Rudd plays Alvin, nominal supervisor at a very lonely job: painting traffic lines and posting reflective plastic on a road in an area of Texas that has been ravaged by wildfires. As the movie opens, Alvin has just brought on Lance (Emile Hirsch) to help out, as a favor to Madison (Alvin’s girlfriend and Lance’s sister). They’re already at odds over Alvin’s violation of what Lance calls their “equal time boombox agreement” (the movie is set in 1988)—Alvin wants to listen to his language tapes, which make Lance drowsy. That’s their relationship in a buddy-picture nutshell: Alvin earnestly, awkwardly, and somewhat pompously seeks to improve his upstanding self, while Lance grouses and wants to have more fun. Ninety percent or so of the dialogue, written by Green in that familiar off-kilter phrasing, comes from them; only a handful of other characters have any lines at all. This sparseness carries over to their environment: they’re surrounded by endless road, but encounter few cars, and endless trees, but many stripped to bark and branches. In some shots, Alvin and Lance may as well be walking around on the moon, and Prince Avalanche is perhaps the fullest expression of Green’s fascination of the place where nature meets post-industrial rubble.
Striking compositions from Green’s longtime cinematographer Tim Orr capture this invisible line, like one of yellow highway paint spilling into a stream, keep the movie from becoming a stagy two-hander. Instead, the stage-style isolation brings pathos to the comedy, which is substantial despite the melancholic overtones; it’s like the funny, fuck-around bits of Green’s earlier movies like All the Real Girls, or the more digressive bits of dialogue from Pineapple Express. Green was often compared to Malick in the first section of his career, and the campsite where Alvin and Lance make their temporary home recalls the tree-fort weirdness of Badlands—though Green has never been as dreamy or rapturous as his filmmaking ancestor, and these characters don’t have the searching soulfulness of many Malick heroes (or the quiet mania of the couple in Badlands). They’re closer to the ground, and Green flirts with condescending to their petty, sometimes clueless concerns.

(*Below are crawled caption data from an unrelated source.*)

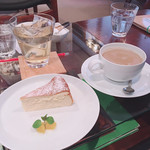 CAFE＆BAR 楽水楽山 - 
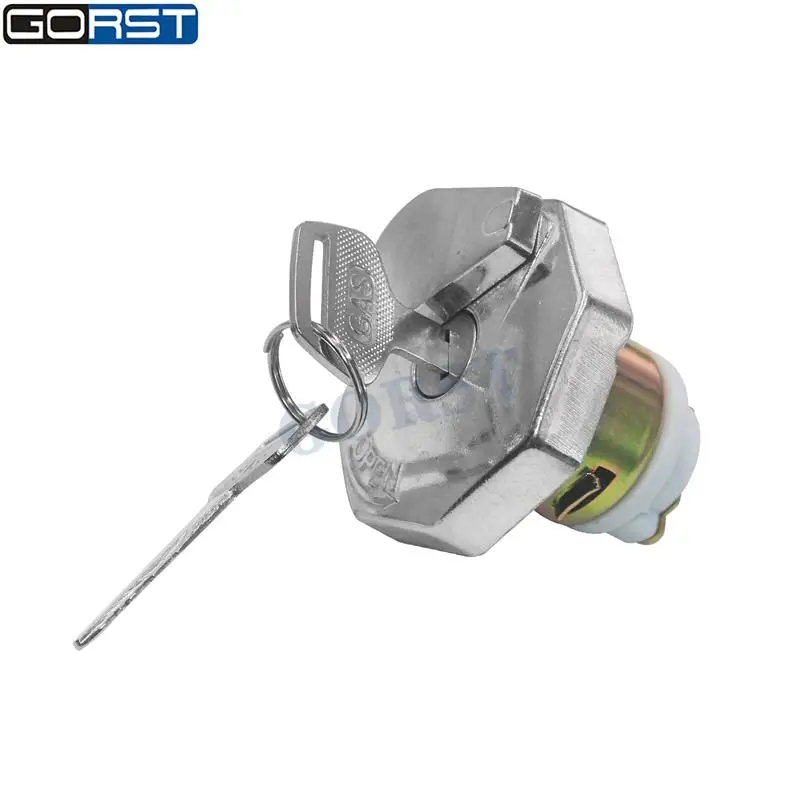 Tapa depósito combustible con cerradura Mitsubishi L200/L300/T3000 - imagen 3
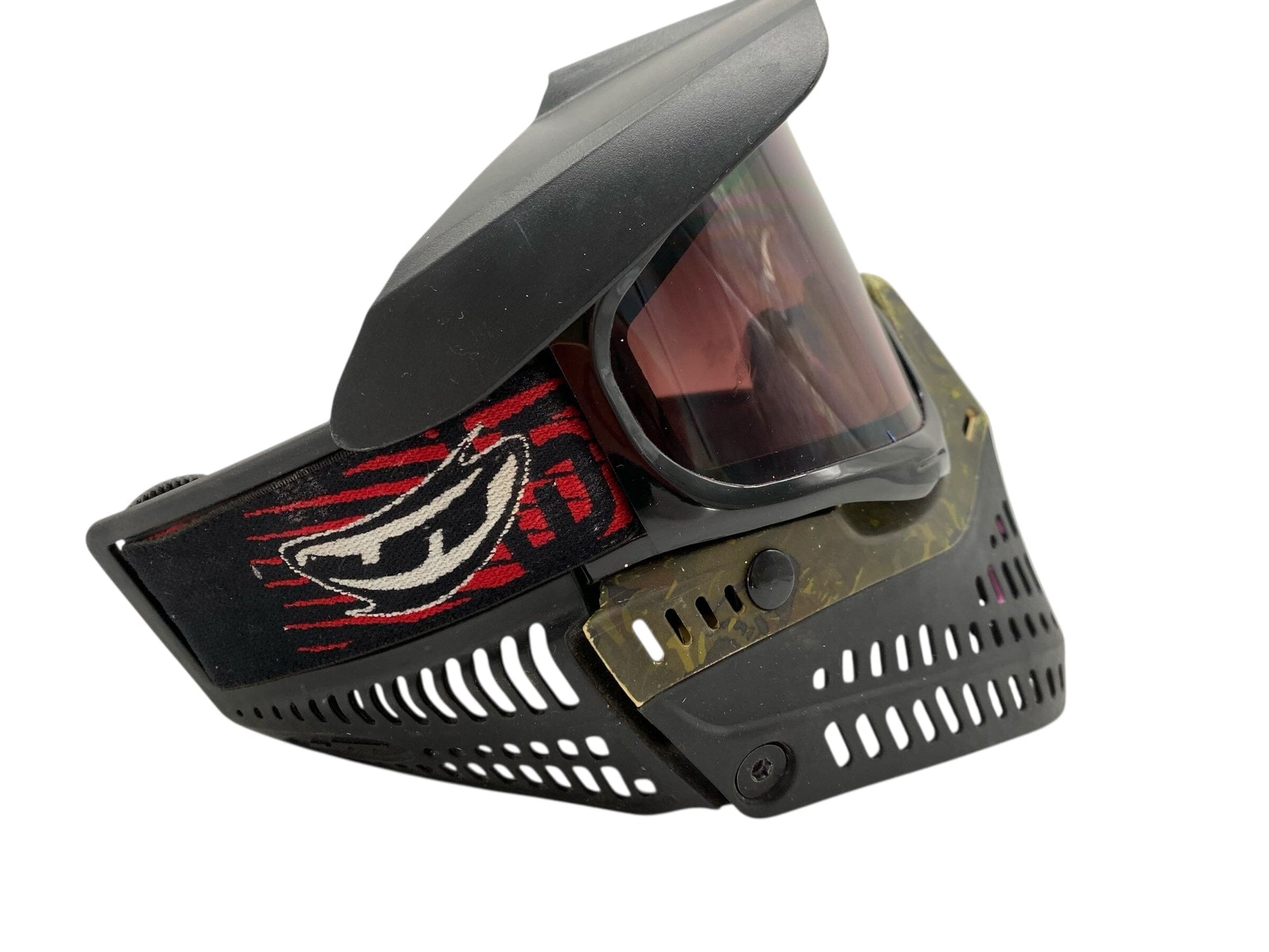 Used Jt Proflex Paintball Mask Goggles Paintball Gun from CPXBrosPaintball Buy/Sell/Trade Paintball Markers, New Paintball Guns, Paintball Hoppers, Paintball Masks, and Hormesis Headbands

But the movie is too funny and, even in its conflicts, too chummy to cross that line. Rudd, perhaps the most versatile comic leading man in the business, adds another note to his repertoire as a man whose desire to be seen as a provider and an authority figure may exceed his abilities, and Hirsch, a little doughier than usual, betrays no vanity as his goofy protégé. I didn’t even miss Paul Schneider or Danny McBride, who might’ve played a modified version of this dynamic earlier in Green’s career. In his more recent studio comedies, the seams between the comedy and the poetry sometimes showed; with Prince Avalanche, he hasn’t so much rediscovered his indie calling as remembered how to make the seams a part of the movie again.